Police officers were going door-to-door on Monday seeking footage from home surveillance cameras as investigators renewed a manhunt for the gunman who killed two students and injured seven more in a classroom at Brown University.
The search for the suspect, which included posting new video footage of the possible shooter, resumed after authorities released a man they had detained over the weekend as a "person of interest."
The news that the gunman remained at large put Providence back on edge, though officials said there were no credible threats to the community and that they would not reimpose a shelter-in-place order for the campus and the surrounding area that had been lifted earlier.
"People are very confused and nervous," said Sue Erkkinen, a real estate agent.
"We are staying indoors. We have all been glued to the TV, and it looks like the manhunt is now back on."
Providence police chief Oscar Perez told reporters at an evening press conference that law enforcement was trying to reassure residents by keeping a visibly high profile in the community.
Perez played three short video clips from home surveillance footage of the suspect, a man of stocky build dressed in a dark jacket, hat and face mask, walking through the College Hill neighbourhood near campus about two hours before the shooting.
One showed him pacing along a white picket fence, another crossing a street corner and another walking past a gated home.
Two still photos of him on a sidewalk were also shown. But the man's face was obscured by the mask he wore.
"The sooner we can identify this person, the sooner we can blow this case open," state Attorney General Peter Neronha said at the briefing.
An FBI special agent in charge from Boston, Ted Docks, said a US$50,000 reward was being offered for information leading to the identification, arrest and conviction of the suspect, who he said was presumed to be armed and dangerous.
Perez said the murder weapon was a 9mm gun from which several rounds were fired.
The gunman fled after opening fire on Saturday in a classroom in Brown's Barus & Holley engineering and physics building, where outer doors had been left unlocked while exams were taking place, according to police.
Students spent hours barricaded in classrooms or hiding beneath furniture as officers fanned out across campus searching for the attacker.
Officials said late on Sunday there had been enough evidence to justify taking into custody the unnamed person of interest, a man in his 20s.
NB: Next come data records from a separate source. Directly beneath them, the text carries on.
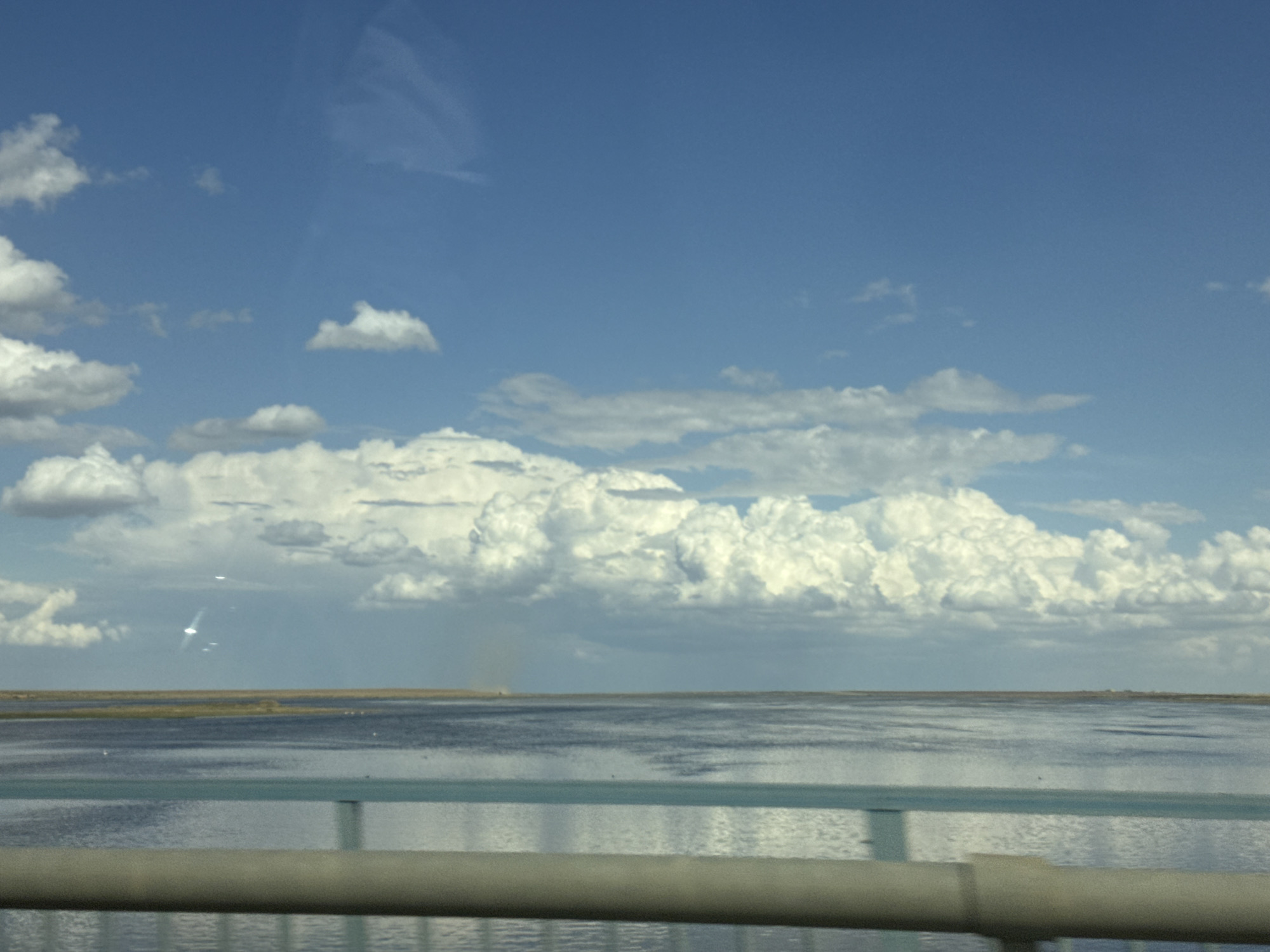 This is a landscape photograph taken from a moving vehicle, likely a car, as indicated by the presence of a railing in the foreground that appears to be part of a bridge or overpass. The scene depicts a wide expanse of calm, blue-grey water under a bright, partly cloudy sky. The horizon is flat, with a low, dark strip of land visible in the distance, suggesting a coastal or deltaic environment. Scattered white birds are visible on the water.
The sky is dominated by a vibrant blue, with fluffy white cumulus clouds in the middle ground and less defined, wispy clouds higher up. There are also some unusual bright, lens flare-like reflections in the sky, possibly caused by the sun or light sources outside the frame. The overall impression is of a clear and sunny day, likely during daylight hours. The water is smooth and reflects the sky and clouds, creating a serene and expansive feeling. The railing in the foreground, painted in muted blue and grey tones, creates a sense of depth and places the viewer within the scene. No people or specific man-made objects other than the railing are clearly identifiable. The environment suggests a natural, open setting.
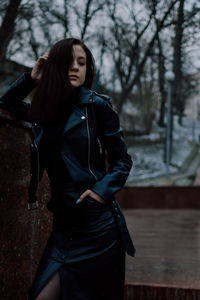 Portrait of young woman standing in forest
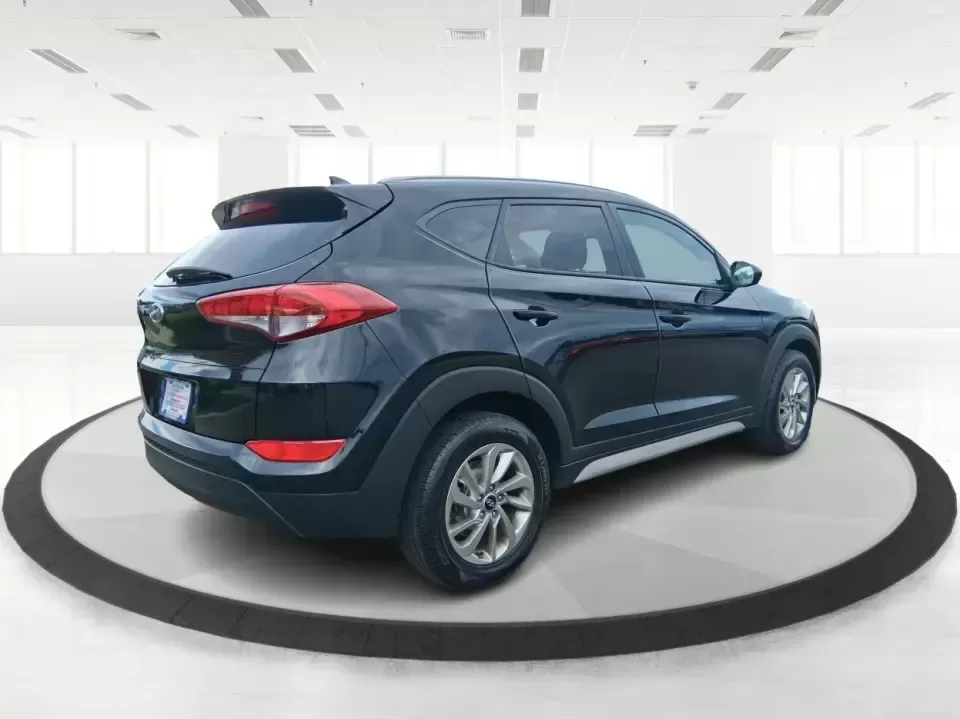 2018 Hyundai Tucson SEL (KM8J33A41JU) with an Nu 2L I-4 gasoline direct injection engine, 6A transmission, located at 880 E. National Road, Vandalia, OH, 45377, (937) 908-9800, 39.891918, -84.183594 - Picture your next week: an easy school drop-off, a smooth commute down US-35, and a weekend escape to Caesar Creek with enough room for coolers, strollers, or hiking gear. This 2018 Hyundai Tucson SEL is the kind of compact SUV that fits real life in Xenia-practical for growing families, comfortable - Photo#2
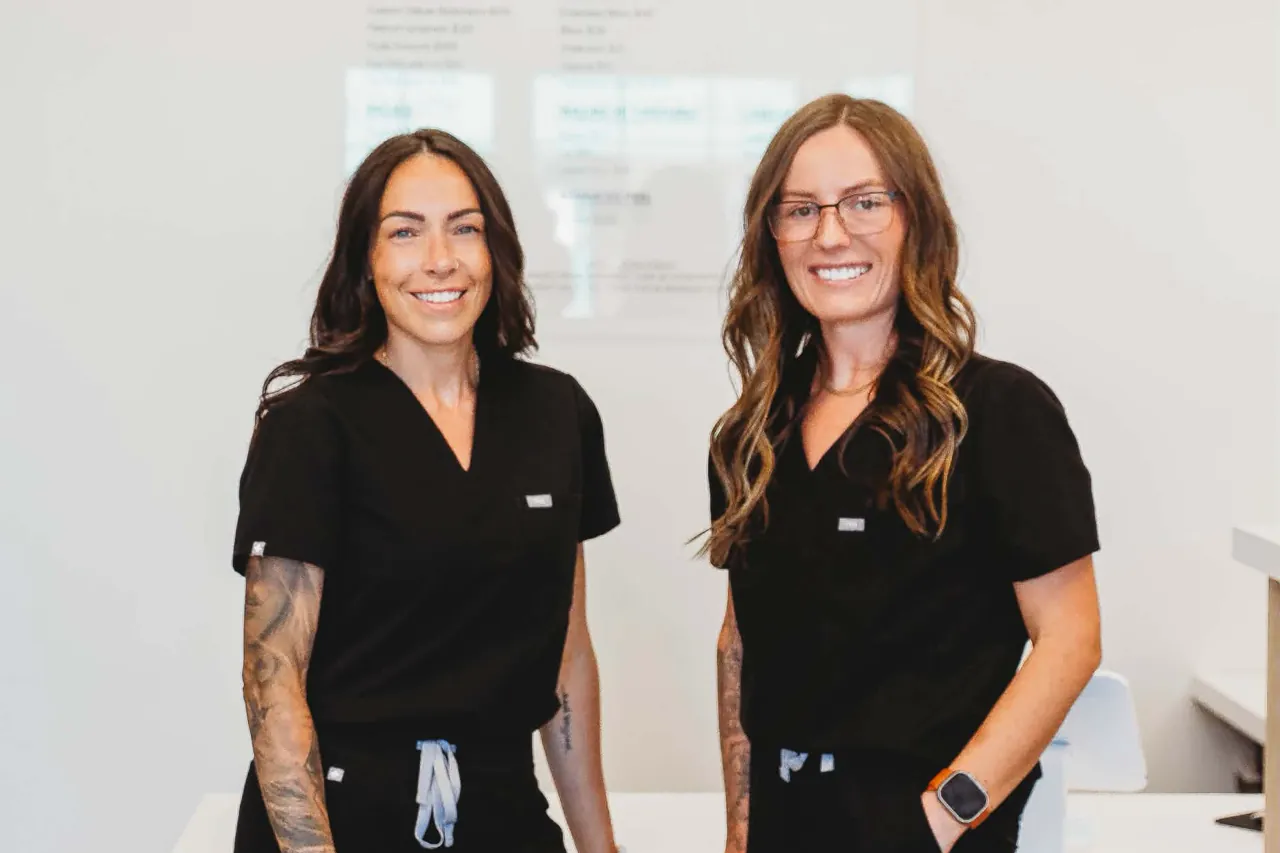 Clare Bourdon and Brooke Conrady, FNP-C, standing together at the Pomalo Wellness front desk, the service menu on the wall behind them.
The announcement of the detainment early on Sunday provided what turned out to be a short-lived measure of relief for students and city residents.
Neronha said hours later that investigators had determined there was "no basis to believe that he's a person of interest, so... he's being released."
Brown is one of the oldest and most prestigious universities in the United States.
The Ivy League school, which has nearly 11,000 undergraduate and graduate students, cancelled exams and classes for the rest of the year. (Reuters)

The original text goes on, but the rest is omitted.